Как только за окном, на высохшей мостовой, по-весеннему застучали колеса — Борис Михайлович, по обыкновению, начал мечтать о путешествиях. И, по обыкновению — ни для каких дальних путешествий не было денег. «Куда бы, куда бы это поехать, чтоб и капиталов хватило — и чтобы это была не петербургская дача, а настоящее?» — спрашивал он меня.
Это лето я собирался проводить у себя на родине — в самом черноземном нутре России — в городишке Лебедянь, Тамбовской губернии. Я предложил поехать туда и Кустодиеву, по правде говоря, без всякой надежды, что из этого выйдет что-нибудь, кроме разговора, потому что добраться туда было нелегко: в поезде две ночи, одна — в жестком вагоне. Но когда я стал рассказывать о ржаных полях, о горе, уставленной церквами, об увешенных наливными яблоками садах — Борис Михайлович вдруг загорелся и решил непременно всё это увидеть.
Я уехал в Лебедянь раньше. Борис Михайлович с семьей попал туда только месяца через полтора — в начале августа. К приезду для него была уже найдена квартира — две комнаты с балконом, в белом одноэтажном домике, окнами на уличку, густо заросшую травой. Перед балконом ходил привязанный к колышку белолобый теленок, важно переваливались гуси. В базарные дни, распугивая гусей, тарахтели телеги, шли пешком пестропоневые бабы из пригородных сел. Одним концом уличка упиралась в голубую, наклоненную, как пизанская башня, колокольню елизаветинских времен, а другим — в бескрайние поля. Это было «настоящее», это была — Русь.
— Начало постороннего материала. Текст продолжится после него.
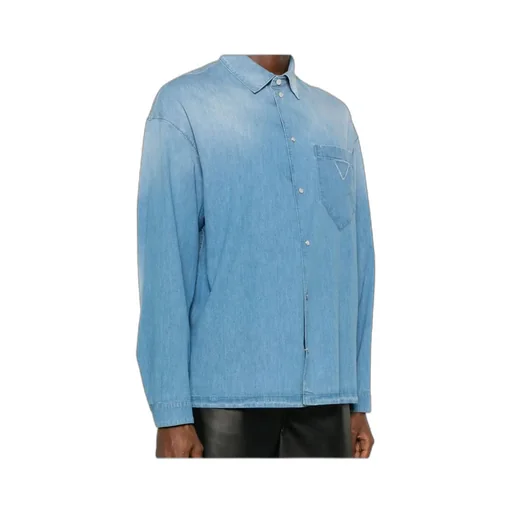 Long-Sleeved Button-Up Denim Shirt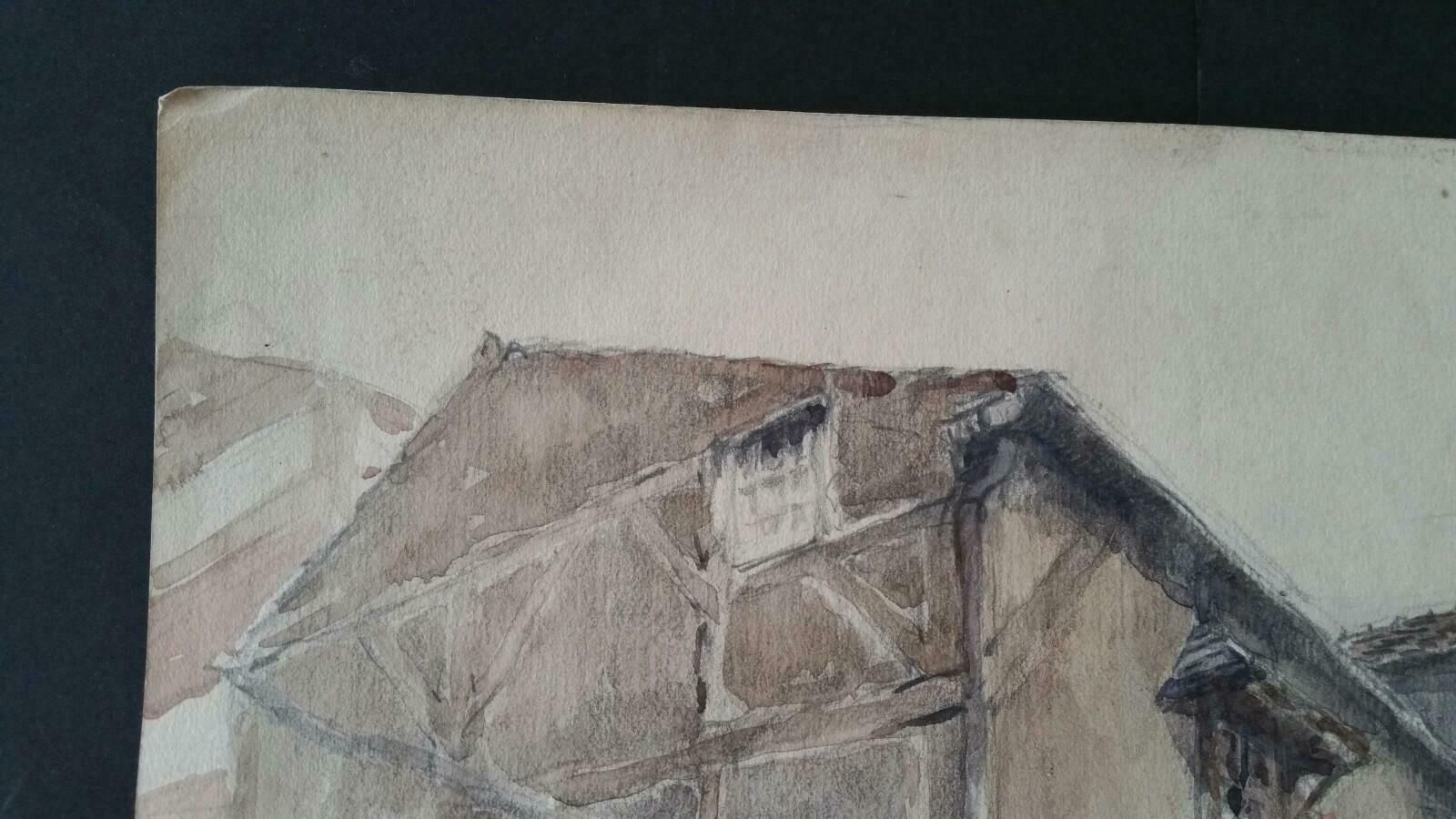 Henri Milochecole De Paris Mid 20th Century Paris: Atelier Studio French Watercolour 1940's photo buy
Я жил на соседней улице — в пяти минутах от квартиры Кустодиевых. Каждый день или я с женой приходили к Борису Михайловичу, или его в кресле привозили к нам в сад, или Кустодиевы и мы отправлялись на берег Дона, на выгон, в поле. И тут я видел, с какой жадностью Борис Михайлович пожирал всё изголодавшимися глазами, как он радовался далям, радуге, лицам, летнему дождю, румяному яблоку.
В том саду, где я жил, этим летом фрукты были особенно хороши. Часто мы приберегали для Бориса Михайловича ветку яблок, потом подвозили его в кресле — и он сам рвал яблоки с дерева. «Вот, вот этого мне и хотелось — чтобы самому рвать», — говорил он. И, хрустя яблоком, набрасывал этюды: ему очень нравился вид сверху, из сада, на другой берег Дона.
Я редко видел раньше Бориса Михайловича таким веселым, разговорчивым, шутливым — каким он был этот месяц. Но к концу августа погода как-то испортилась, захолодало, пошли дожди, Борис Михайлович начал жаловаться, что зябнет — и скоро уехал к себе, в Ленинград. Зимой я увиделся там с ним уже на репетициях «Блохи» в Большом Драматическом театре. А когда опять настало лето — Бориса Михайловича уже не было.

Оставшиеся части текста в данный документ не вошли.